According to a recent article published in Scientific American, the authors of study assert that:
"Farmers who have named their cows … probably have a better relationship with them. They’re less fearful, more relaxed and less stressed, so that could have an effect on milk yield."
And in a separate article:
"Placing more importance on knowing the individual animals and calling them by name can — at no extra cost to the farmer –— also significantly increase milk production."
Polite farmers and happy cows — who could argue with that?
Correlation is not Causation
The article is a cute example of a common problem in BI and decision making: correlation is not the same thing as causation, but people often don’t do enough analysis to know which is which.

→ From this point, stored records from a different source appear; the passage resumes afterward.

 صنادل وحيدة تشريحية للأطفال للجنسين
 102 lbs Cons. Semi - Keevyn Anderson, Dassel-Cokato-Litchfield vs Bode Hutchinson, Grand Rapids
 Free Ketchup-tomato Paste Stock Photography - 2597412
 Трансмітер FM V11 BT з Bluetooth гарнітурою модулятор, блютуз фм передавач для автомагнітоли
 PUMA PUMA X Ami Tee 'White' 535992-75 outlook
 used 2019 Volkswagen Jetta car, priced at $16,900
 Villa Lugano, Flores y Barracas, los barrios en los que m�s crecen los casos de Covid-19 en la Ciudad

I haven’t read the original research on the cows, so I can’t be sure, but there doesn’t seem to be any real evidence for saying there are "no extra costs". The "probably" in the first quote appears to indicate that the stress theory is just a guess, so did the researchers really find a causal effect?, or do both higher milk yields and a propensity for naming cows result from something else? Do farmers who name their cows look after them better? Do they spend more money on care?
Without answers to these questions, the information in the study is interesting, but not useful (i.e. would farmers who named their cows — but made no other changes — really get an increase in milk production?)

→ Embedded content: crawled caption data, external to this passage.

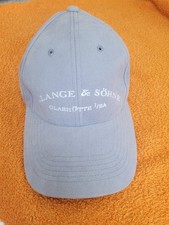 Söhne glashütte cap gebraucht kaufen  Leipzig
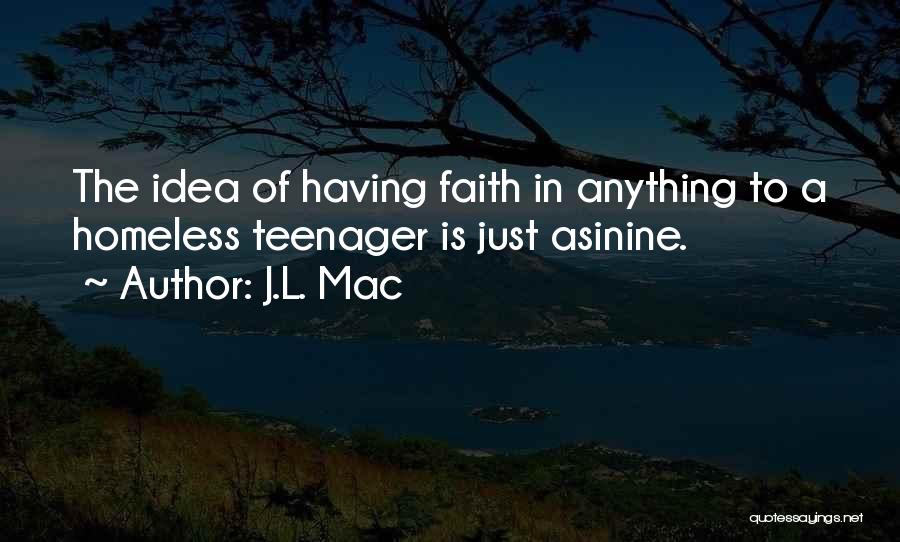 J.L. Mac Quotes 1256945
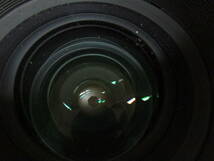 T4-37　Nikon(ニコン)　望遠レンズ 【Zoom-NIKKOR 25～50㎜ 1:4】 レンズカバー付き　一眼レフ_画像3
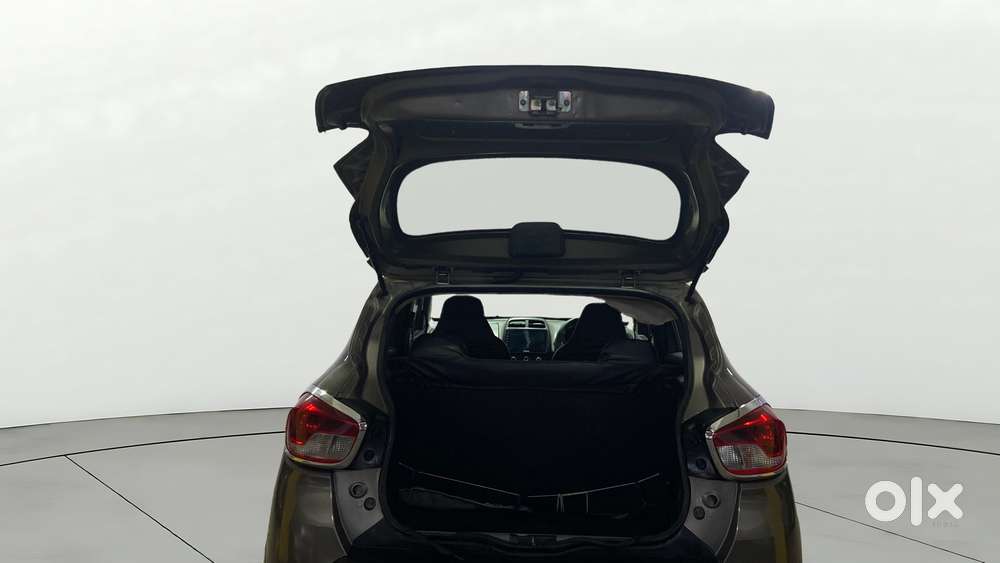 Renault Kwid Rxt, 2016, Petrol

Quick! — Should We Discontinue Bread and Milk?
It’s very easy to make incorrect decisions with limited analysis. And the problem is sometimes made worse by an emphasis on fast, simplified, "actionable" information for executives.

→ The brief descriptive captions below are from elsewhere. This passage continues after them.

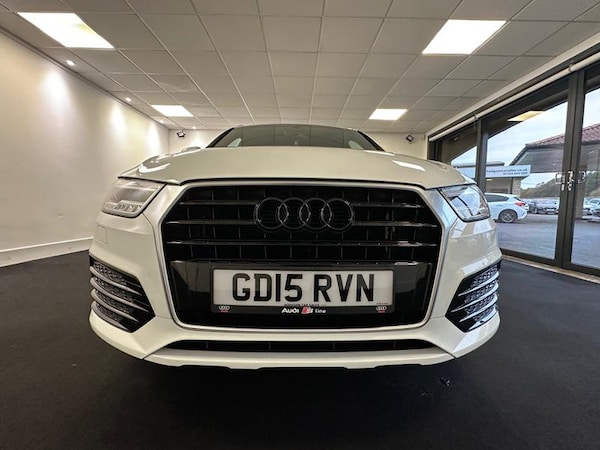 Used Audi Q3 for sale - 76312610: Photo 2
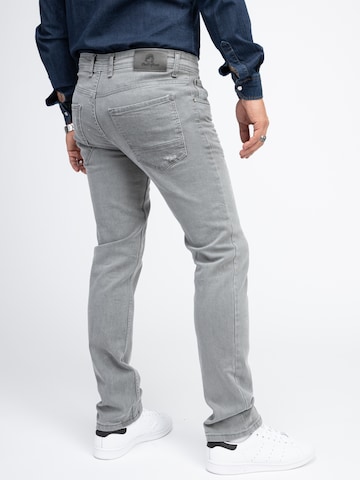 Rock Creek Regular Jeans in Grey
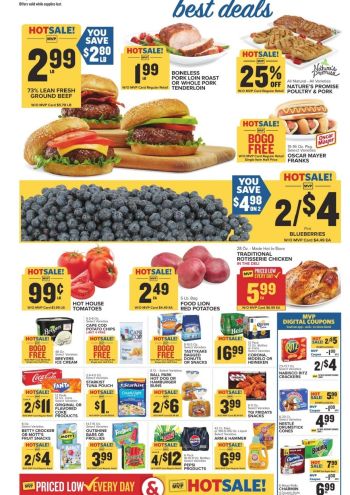 Foodlion offer thumb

If you see a chart like this one, showing a supermarket’s profitability by product, for example, you might be tempted to stop selling loss-making bread and milk:
But what if it’s a deliberate choice? The analysis misses a crucial point: people don’t buy each product in a supermarket independently of the others. Supermarkets (if they are legally allowed to: not in France) routinely sell some "loss-leader" products such as break, milk, and sugar in order to entice people into their store.
One real-life example of this phenomena, according to IBM:
A large UK supermarket chain sold a low-volume, gourmet cheese that was such a slow mover that the merchandising department considered discontinuing it. But a market-basket analysis of a high-value customer group revealed that the cheese was in many of the largest baskets in this customer group, and dropping the product could have risked disappointing or losing some of its most valuable customers.
(I prefer this apparently real example to the famous "beer and diapers" story, which is more legend than fact)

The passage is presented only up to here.